I quickly read some of your other posts. It does look like you're her fallback. She went exploring.

Make sure she gets STD tested before you two get back together, if that's what you want.

Also, what's to prevent/stop her from repeating her actions in the future? What has she done to show that she knows the cause and is working hard to solve her issues?

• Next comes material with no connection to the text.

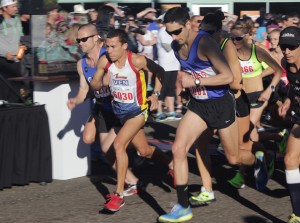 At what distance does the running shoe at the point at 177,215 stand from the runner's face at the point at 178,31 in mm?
1538

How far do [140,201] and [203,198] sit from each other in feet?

If she learned anything, it is the next time she'll be more prepared.


----------



## Complexity (Dec 31, 2011)

Grass wasn't greener?


----------



## bippy17 (Mar 20, 2012)

Update: I confronted her about the "Kiss" we had on the 4th of July. I tried to just let it go but it was messing with my head and I needed answers as to why she did it. I figured the sooner I found out "where we stand" (what is going on in her head) the sooner I would understand where it all came from. 

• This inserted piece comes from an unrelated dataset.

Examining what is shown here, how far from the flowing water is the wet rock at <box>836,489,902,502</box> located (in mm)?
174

So, this past Friday night, I dropped my son off back home after having dinner with him. When I went into the house (seeing her and wanted to touch her), I went over and kissed her (could not help myself), the lips tell everything as I sensed the kiss was not with the same passion as the 4th of July kiss. This made me want to know more what was going on.

She said the 4th of july kiss was just something she wanted to do after having spending a nice day with me. Thats all. Something she felt like doing at the time and nothing more. Her feelings are still the same and if she could flip a switch to get the feeling back she would (said it would be a hell of alot easier). Ughh, immedietly the feeling of rejection was happening all over again for me. I wanted to kick myself for allowing myself to be weak and let her play with my emotions all over again. All of this just for a 10 second make-out session in the kitchen. 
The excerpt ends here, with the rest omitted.